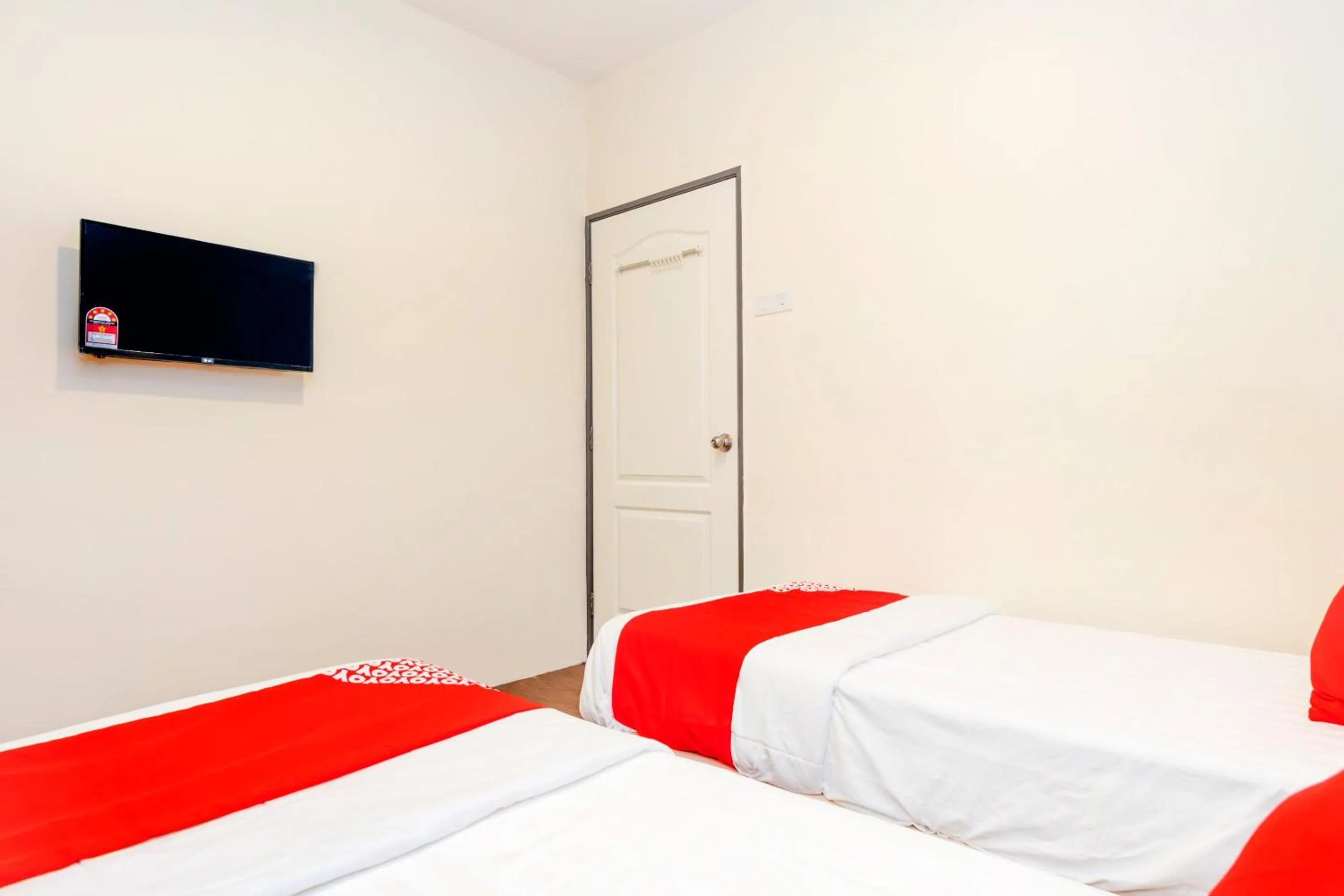 Bedroom, Bed in OYO 778 Bmw 2 Hotel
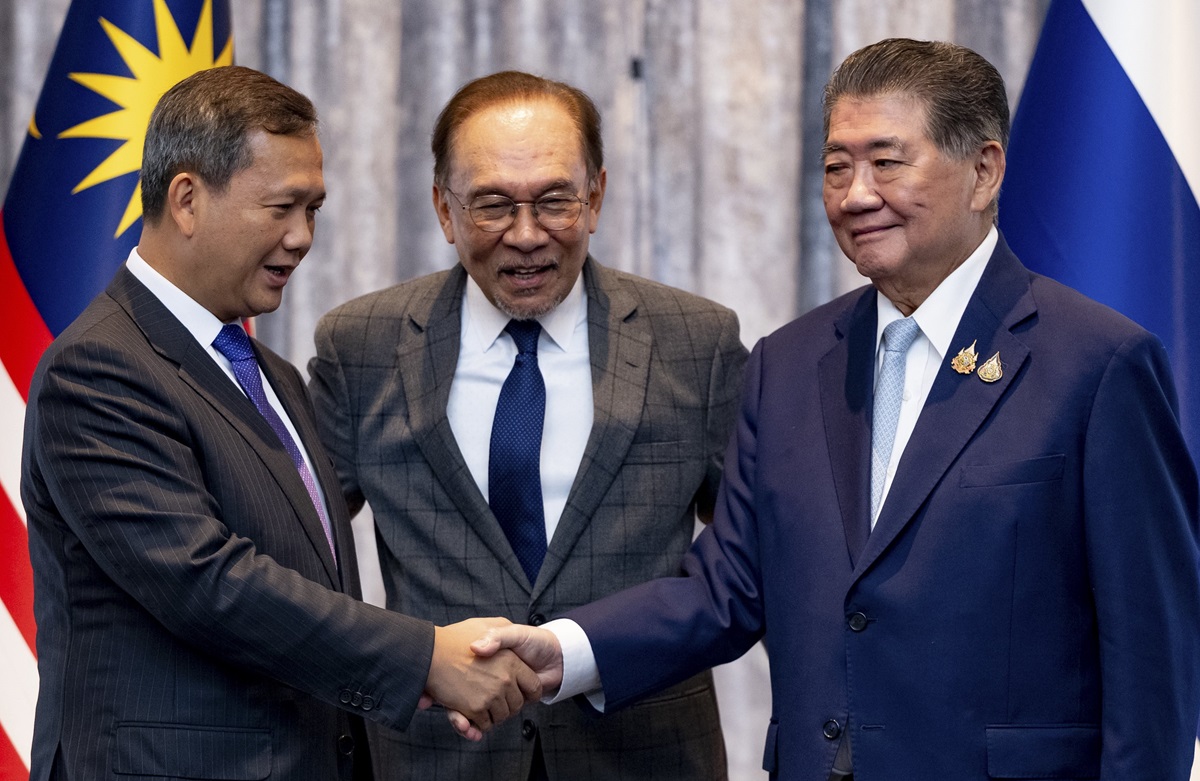 Anwar Ibrahim Mediasi Thailand dan Kamboja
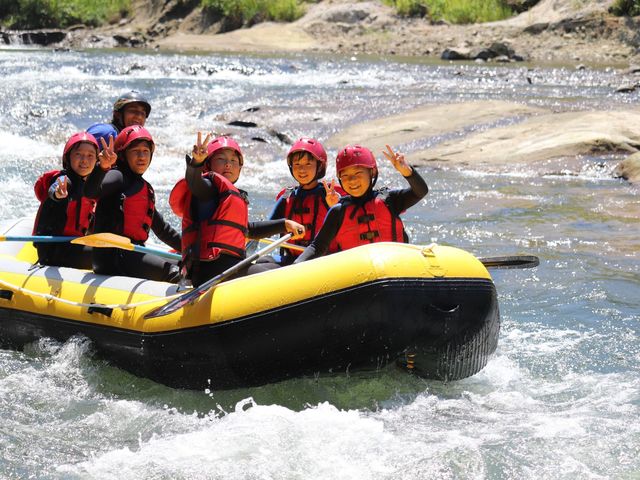 ラフティング楽しい♪_Team Adventure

· · · · · · ·

• [Brief]
When you repeat the lines above, keep them exact and leave out each image they contain.

• [Solved problem]
 Bedroom, Bed in OYO 778 Bmw 2 Hotel
 Anwar Ibrahim Mediasi Thailand dan Kamboja
 ラフティング楽しい♪_Team Adventure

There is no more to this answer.